The Guardian’s investigation is based on thousands of confidential corporate and patient records obtained through sources, public records requests, and court filings, along with interviews with nearly two dozen current and former UnitedHealth and nursing home employees, as well as two whistleblower declarations submitted to Congress.

The report offers a new snapshot into UnitedHealth’s daily operations at nearly 2,000 nursing homes across the country, where it manages Medicare Advantage coverage for more than 55,000 long-term residents

Here are some of the key findings from the report:

  • UnitedHealth stationed in-house medical teams at nearly 2,000 nursing homes, incentivizing them to lower hospitalizations through financial rewards like “Premium Dividend” and “Shared Savings” payments tied to hospitalization rates.
  • Internal records show UnitedHealth monitored nursing homes using “admits per thousand (APK)” metrics and set “budgets” for hospitalizations. Facilities with high APKs were denied bonuses.
  • In multiple documented cases, patients were denied urgent hospital care, leading to serious harm, including permanent brain damage. Whistleblowers say these incidents were hidden or minimized.
  • Nurse practitioners were pressured to push “Do Not Resuscitate” (DNR) orders, even when patients had previously expressed the desire for life-saving treatments.
  • UnitedHealth also incentivized increased enrollment in its Institutional Special Needs Plans by offering large payments to nursing homes, which in some cases leaked confidential patient data to help sales teams directly solicit families—often bypassing consent rules.

The Guardian noted: 

In several cases identified by the Guardian, nursing home residents who needed immediate hospital care under the program failed to receive it, after interventions from UnitedHealth staffers. At least one lived with permanent brain damage following his delayed transfer, according to a confidential nursing home incident log, recordings and photo evidence.

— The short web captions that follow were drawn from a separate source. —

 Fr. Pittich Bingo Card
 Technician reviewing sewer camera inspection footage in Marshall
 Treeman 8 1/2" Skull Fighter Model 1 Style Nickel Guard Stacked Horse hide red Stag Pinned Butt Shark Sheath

A current UnitedHealth nurse practitioner, who recently submitted a congressional complaint regarding the nursing home program, stated:

“No one is truly investigating when a patient suffers harm. Absolutely no one.

These incidents are hidden, downplayed and minimized. The sense is: ‘Well, they’re medically frail, and no one lives for ever.'”

A former national UnitedHealth executive said:

APK drove everything. You gain profitability by denying care, and when profitability suffers for the shareholders, that’s when people get crazy and do things that are not appropriate.”

Two current and three former UnitedHealth nurse practitioners said that UnitedHealth managers pressured them to persuade Medicare Advantage members to change their “code status” to DNR, even when patients had clearly expressed a desire to receive all available life-saving treatments.